Cooper: Methodist church urges members to buy meals for others in fast-food drive-throughs

Denise Dye had turned into a Highway 58-area subdivision when she saw the blue lights. What, she wondered, had she done wrong? Made an illegal turn? Had a taillight burn out? Eaten her drive-through meal too quickly?

The policeman, it turned out, wanted to thank her for paying it backward.

Dye is a member of St. John United Methodist Church, which adopted a project during the Christian season of Lent that encouraged its members to make sacrifices in their lives to help them remember the sacrifice Jesus Christ made on the cross.

The idea of Pay It Backward is that church members might pay for a drive-through meal of the person in line behind them or do another deed in which they share their time, talents and resources with someone else.

Even though the project officially ends Sunday with Easter, many St. John members want it to go on, said Dale Dye, director of family ministries.

His wife, Denise, said she had been at a McDonald's drive-through when she decided to pay for the meal of the person in the car behind her. Ultimately, she saw it was a police car, but she didn't linger and pulled out after she got her meal.

When she was pulled over by the police car, she didn't know it was the same officer whose meal she had just paid for.

"He just stopped to thank me," Dye said.

The project, she said, should help those who participate be thankful for what they have and remind them of the ultimate sacrifice of Jesus.

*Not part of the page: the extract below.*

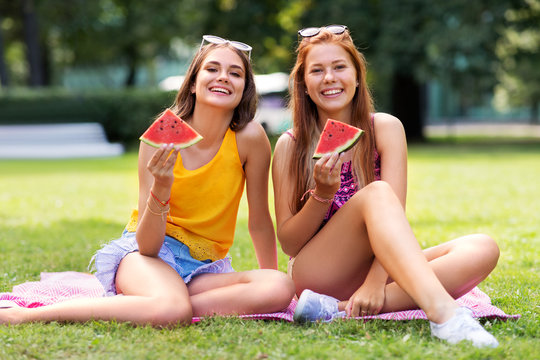 leisure and friendship concept - happy smiling teenage girls or friends eating watermelon at picnic in summer park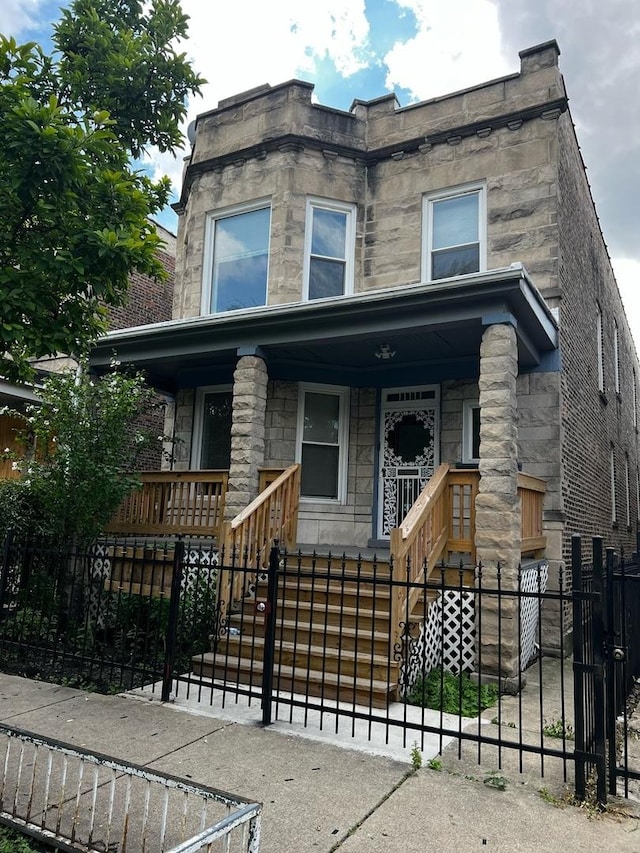 730 N Spaulding Ave, Chicago, IL 60624 - view of front facade with a porch, a fenced front yard, stone siding, and stairs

Rosie Martin said she tried to make some kind of similar sacrifice each week of Lent, which began with Ash Wednesday in March.

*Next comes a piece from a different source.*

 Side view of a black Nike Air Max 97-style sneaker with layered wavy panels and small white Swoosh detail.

One week, while on a cruise with some of her family to Cozumel, Mexico, she extended her sacrifice to the taxi driver who had taken her and a friend around the island and talked about how much he enjoyed getting home to his children.

After Martin paid for the fare and tipped the driver, she gave him a card explaining the project and some additional money to "buy something special for 'the babies,' " ages 5 and 2.

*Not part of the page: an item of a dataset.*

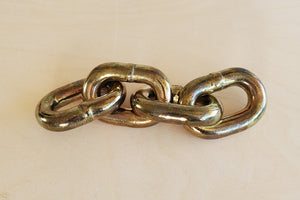 
            
                Load image into Gallery viewer, Aubock Paperweight &amp;quot;Chain&amp;quot; 5072 in brass.
            
        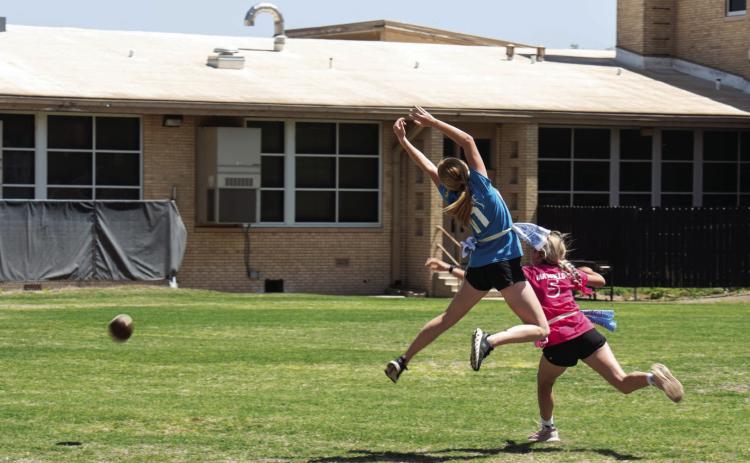 Senior receiver Addy Bannowsky makes a move to catch the pass, while avoiding defender Korah Mayfield. The play resulted in this dramatic photo by Sandy Kothmann. Fortunately for the football, it escaped the players, virtually untouched! (See left side of photo)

The gesture, she said, brought tears to his eyes.

On another occasion, Martin planned a special day for two girls in the church's confirmation class, one her 12-year-old granddaughter and the other the 12-year-old daughter of Dale and Denise Dye.

Among other things, she took them to the trauma-unit waiting room of Erlanger hospital and the Ronald McDonald House Family Room in Children's Hospital and encouraged both of them to give out $5 gift certificates for Chick-fil-A.

Tiffany Johnson, meanwhile, found another way to participate. While clients of the Interfaith Homeless Network of Greater Chattanooga stayed at St. John UMC recently, she provided hair services for some of the women and children.

"Ordinarily," she said, "it would cost them a good piece of money. But this might help with their self-esteem, their outlook."

Johnson, who attends the church, said an act by a participant of the Pay It Backward project might be just the thing to lift even someone simply having a bad day.

"It spreads the spirit of Christ to other people," she said.

"Christ gave his life to you. You should be able to give something to someone else."